ACTIVITY:
When you reach the line containing "M68 Black Nitrile" in the records below, start copying exactly, and stop once you have copied the line containing "Hộp 5 gói Men".
--------------------------------
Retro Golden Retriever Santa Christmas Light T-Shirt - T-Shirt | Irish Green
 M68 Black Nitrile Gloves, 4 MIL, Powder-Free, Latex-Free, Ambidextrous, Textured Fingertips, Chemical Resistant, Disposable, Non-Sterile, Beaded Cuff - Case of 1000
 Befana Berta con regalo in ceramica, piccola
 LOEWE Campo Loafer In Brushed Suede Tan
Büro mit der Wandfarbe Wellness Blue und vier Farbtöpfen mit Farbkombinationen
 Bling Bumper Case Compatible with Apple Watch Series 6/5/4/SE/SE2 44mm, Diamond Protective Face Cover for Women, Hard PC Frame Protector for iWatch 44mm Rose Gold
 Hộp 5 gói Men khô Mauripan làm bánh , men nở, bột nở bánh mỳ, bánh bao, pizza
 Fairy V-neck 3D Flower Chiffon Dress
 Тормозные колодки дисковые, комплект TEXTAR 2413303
--------------------------------
ANSWER SPACE:
 M68 Black Nitrile Gloves, 4 MIL, Powder-Free, Latex-Free, Ambidextrous, Textured Fingertips, Chemical Resistant, Disposable, Non-Sterile, Beaded Cuff - Case of 1000
 Befana Berta con regalo in ceramica, piccola
 LOEWE Campo Loafer In Brushed Suede Tan
Büro mit der Wandfarbe Wellness Blue und vier Farbtöpfen mit Farbkombinationen
 Bling Bumper Case Compatible with Apple Watch Series 6/5/4/SE/SE2 44mm, Diamond Protective Face Cover for Women, Hard PC Frame Protector for iWatch 44mm Rose Gold
 Hộp 5 gói Men khô Mauripan làm bánh , men nở, bột nở bánh mỳ, bánh bao, pizza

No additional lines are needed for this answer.